The rousing finale of the PMC’s Spring Concert came with the vigorous Rhapsody on Moldavian Themes, Op. 47 of Mieczysław Weinberg. This composition gave both performers ample opportunity to display their impeccable musicianship and dazzling virtuosity, which was instantly recognized with a standing ovation by the assembled audience.
The sizeable crowd who had successfully navigated the registration procedures currently required for visiting the USC campus proceeded after the concert to sample the anniversary cake and refreshments at the Herklotz Courtyard adjacent to Newman Recital Hall. The PMC staff were especially pleased and honored to recognize Dr. Zbigniew Petrovich (pictured below with AKA Duo) and his wife, Dr. Zofia Petrovich, at this concert and at the reception afterwards. Together with Wanda Wilk and her husband, Dr. Stefan Wilk, in late January 1985 the Petrovichs were among the founding members of the USC Polish Music Center. Other important guests included members of the concert’s sponsoring organizations, such as Stanley and Helena Kolodziey of the Polish Center in LA and Jennifer Audette and Teresa Sokolowska of POLAM Federal Credit Union, as well as Lech Dzierżanowski all the way from the National Institute of Music and Dance in Warsaw.
At HMLA
The next day, on an overcast Sunday afternoon, March 30, the AKA Duo presented a different program of music by Polish-Jewish composers at the Holocaust Museum Los Angeles. Located in Pan-Pacific Park in mid-city, this concert attracted a capacity crowd who were equally enthusiastic about the selections of violin and piano music presented on the program. The four-movement Suite Op. 82 by Maurycy Moszkowski was delivered by Seina Matsuoka and Yuto Kiguchi with so much of easy-flowing charm that the audience could not resist applauding after every movement of this very attractive work.

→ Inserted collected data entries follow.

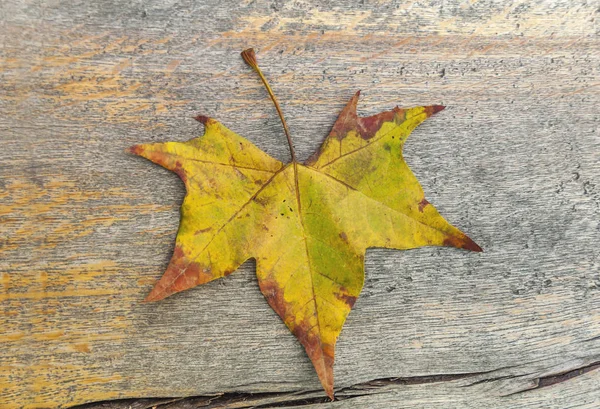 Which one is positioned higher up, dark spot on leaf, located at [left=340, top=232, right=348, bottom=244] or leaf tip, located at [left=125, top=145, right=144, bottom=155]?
leaf tip, located at [left=125, top=145, right=144, bottom=155]

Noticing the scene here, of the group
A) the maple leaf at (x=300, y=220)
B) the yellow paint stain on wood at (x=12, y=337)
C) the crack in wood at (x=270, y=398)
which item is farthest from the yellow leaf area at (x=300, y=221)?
the yellow paint stain on wood at (x=12, y=337)

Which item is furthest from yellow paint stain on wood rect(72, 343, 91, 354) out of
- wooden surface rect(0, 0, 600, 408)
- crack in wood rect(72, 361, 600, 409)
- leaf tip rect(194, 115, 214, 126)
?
leaf tip rect(194, 115, 214, 126)

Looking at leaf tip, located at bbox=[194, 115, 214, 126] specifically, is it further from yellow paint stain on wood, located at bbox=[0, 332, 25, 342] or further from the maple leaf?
yellow paint stain on wood, located at bbox=[0, 332, 25, 342]

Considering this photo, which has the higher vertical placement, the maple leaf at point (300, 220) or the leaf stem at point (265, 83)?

The same enthusiastic reception was clearly in evidence after the AKA Duo’s performance of Tansman’s Second Sonata for Violin and Piano. Afterwards, Mieczysław Weinberg’s pensive and nostalgic two songs (transcribed for violin and piano) briefly transported the listeners into a more contemplative mood, but the bravura reading of Weinberg’s Rhapsody on Moldavian Themes that followed once again catapulted the audience from their seats at the rousing conclusion of this work.
Following the extended round of applause, the AKA Duo regaled the audience with a charming and delicious rubato-laden interpretation of Fritz Kreisler’s Syncopation for violin and piano. As the reverberations of music slowly began to fade from the cavernous interior, the reception graciously organized by our Holocaust Museum partners provided an opportunity for the audience to chat with the artists and exchange the impressions from this very successful concert.